* **HOW TO COMPLETE THIS TASK**: This exercise calls for duplicating every entry below exactly, without the images.

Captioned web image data
[Start of section]
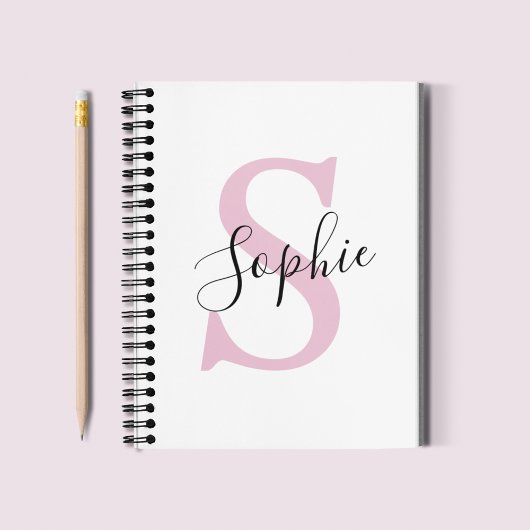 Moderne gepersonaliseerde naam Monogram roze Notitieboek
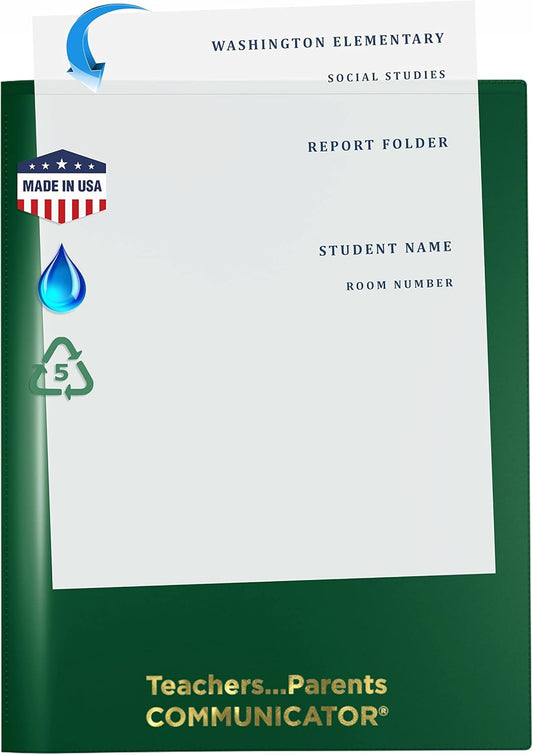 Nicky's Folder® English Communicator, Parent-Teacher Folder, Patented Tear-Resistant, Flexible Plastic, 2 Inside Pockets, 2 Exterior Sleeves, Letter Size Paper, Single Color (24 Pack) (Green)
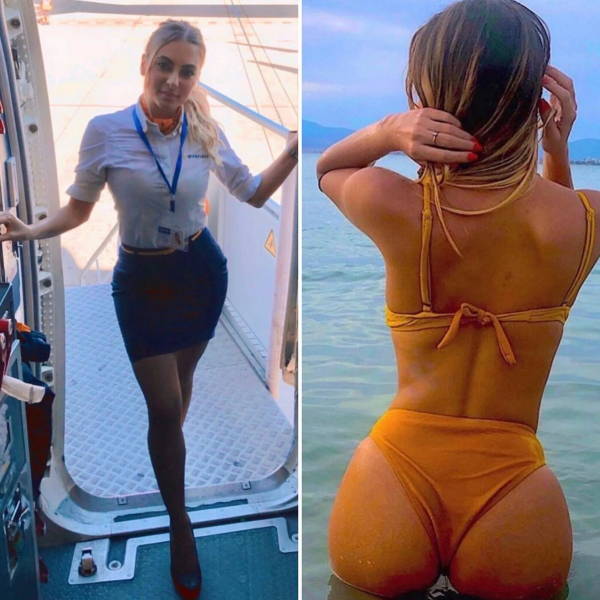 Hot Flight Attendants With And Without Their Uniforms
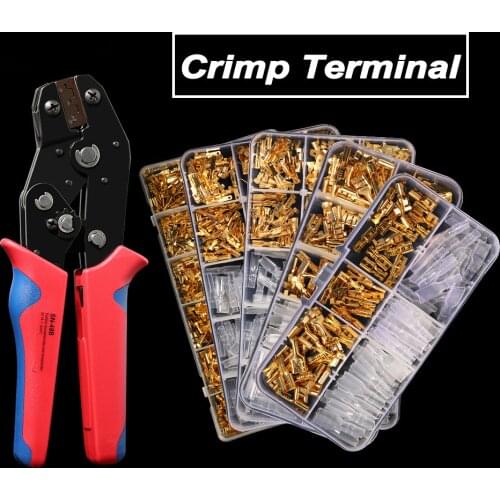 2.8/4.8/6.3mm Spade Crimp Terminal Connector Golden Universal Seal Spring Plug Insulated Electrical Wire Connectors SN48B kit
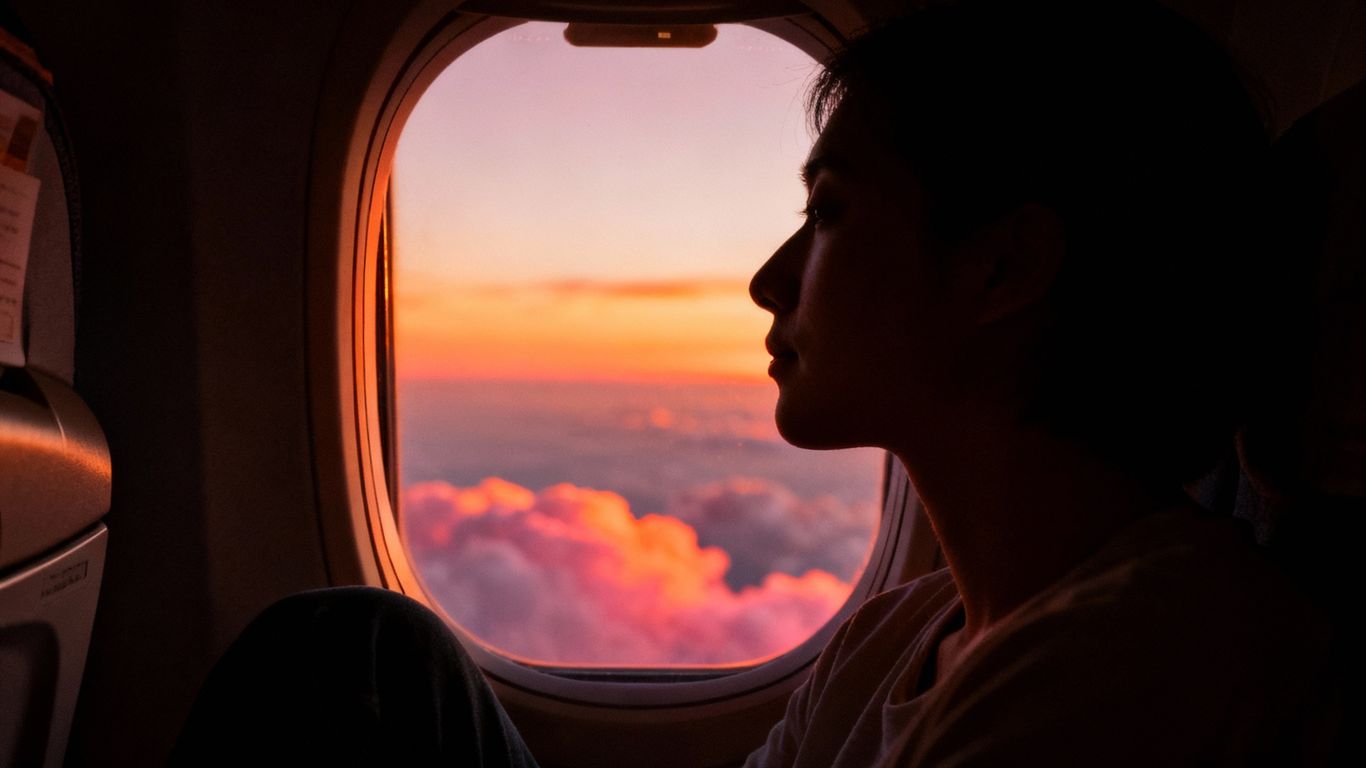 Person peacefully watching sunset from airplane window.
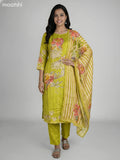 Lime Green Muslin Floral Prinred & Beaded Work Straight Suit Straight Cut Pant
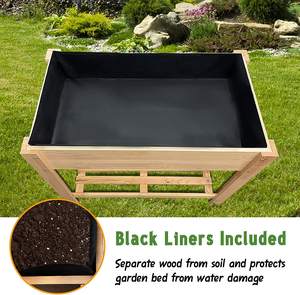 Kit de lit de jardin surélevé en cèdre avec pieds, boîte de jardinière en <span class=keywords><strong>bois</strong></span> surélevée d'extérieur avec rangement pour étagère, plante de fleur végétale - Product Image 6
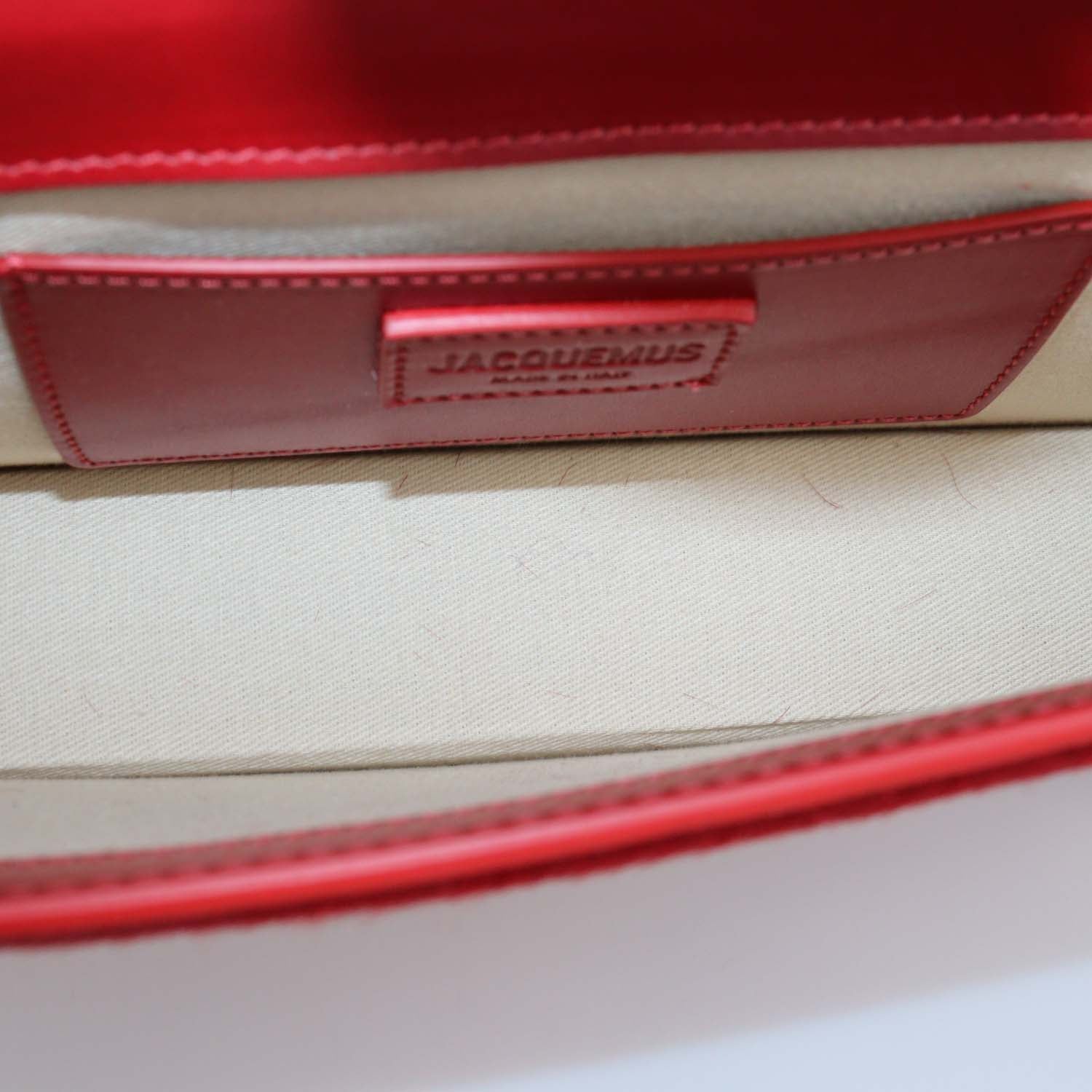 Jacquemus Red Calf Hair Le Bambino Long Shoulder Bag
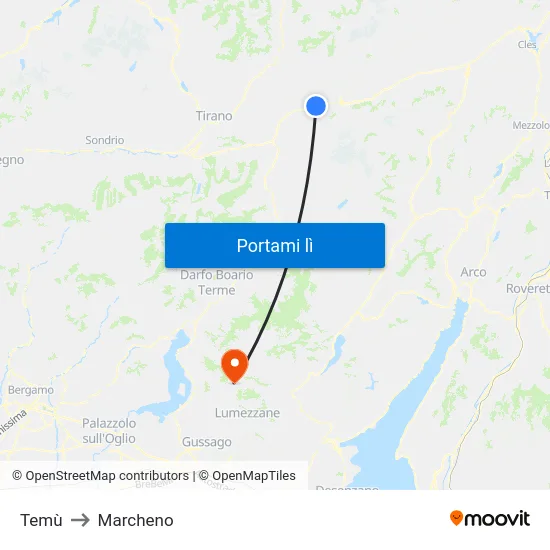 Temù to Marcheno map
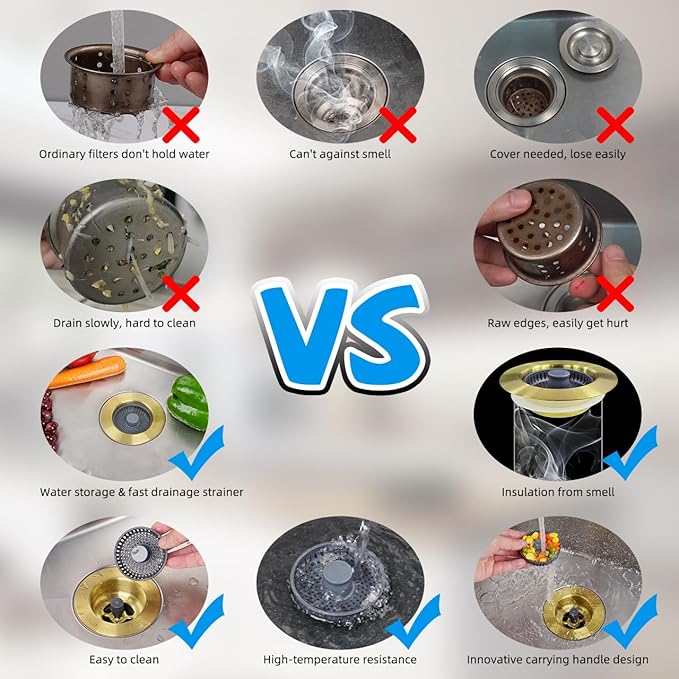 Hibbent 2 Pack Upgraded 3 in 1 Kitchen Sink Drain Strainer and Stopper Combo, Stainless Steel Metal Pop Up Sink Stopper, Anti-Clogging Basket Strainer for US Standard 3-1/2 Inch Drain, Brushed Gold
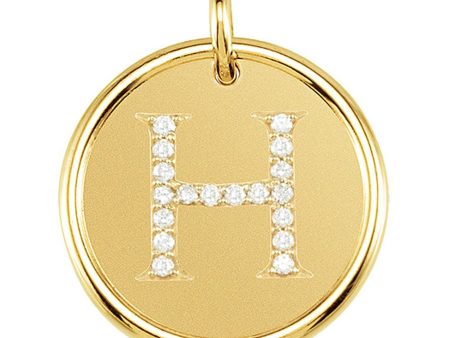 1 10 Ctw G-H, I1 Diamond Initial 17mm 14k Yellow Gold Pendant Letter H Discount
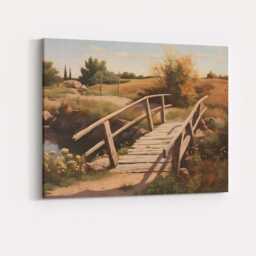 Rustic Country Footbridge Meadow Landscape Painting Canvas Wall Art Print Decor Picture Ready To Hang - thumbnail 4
[End of section]
* **WRITTEN RESPONSE**:
 Moderne gepersonaliseerde naam Monogram roze Notitieboek
 Nicky's Folder® English Communicator, Parent-Teacher Folder, Patented Tear-Resistant, Flexible Plastic, 2 Inside Pockets, 2 Exterior Sleeves, Letter Size Paper, Single Color (24 Pack) (Green)
 Hot Flight Attendants With And Without Their Uniforms
 2.8/4.8/6.3mm Spade Crimp Terminal Connector Golden Universal Seal Spring Plug Insulated Electrical Wire Connectors SN48B kit
 Person peacefully watching sunset from airplane window.
 Lime Green Muslin Floral Prinred & Beaded Work Straight Suit Straight Cut Pant
 Kit de lit de jardin surélevé en cèdre avec pieds, boîte de jardinière en <span class=keywords><strong>bois</strong></span> surélevée d'extérieur avec rangement pour étagère, plante de fleur végétale - Product Image 6
 Jacquemus Red Calf Hair Le Bambino Long Shoulder Bag
 Temù to Marcheno map
 Hibbent 2 Pack Upgraded 3 in 1 Kitchen Sink Drain Strainer and Stopper Combo, Stainless Steel Metal Pop Up Sink Stopper, Anti-Clogging Basket Strainer for US Standard 3-1/2 Inch Drain, Brushed Gold
 1 10 Ctw G-H, I1 Diamond Initial 17mm 14k Yellow Gold Pendant Letter H Discount
 Rustic Country Footbridge Meadow Landscape Painting Canvas Wall Art Print Decor Picture Ready To Hang - thumbnail 4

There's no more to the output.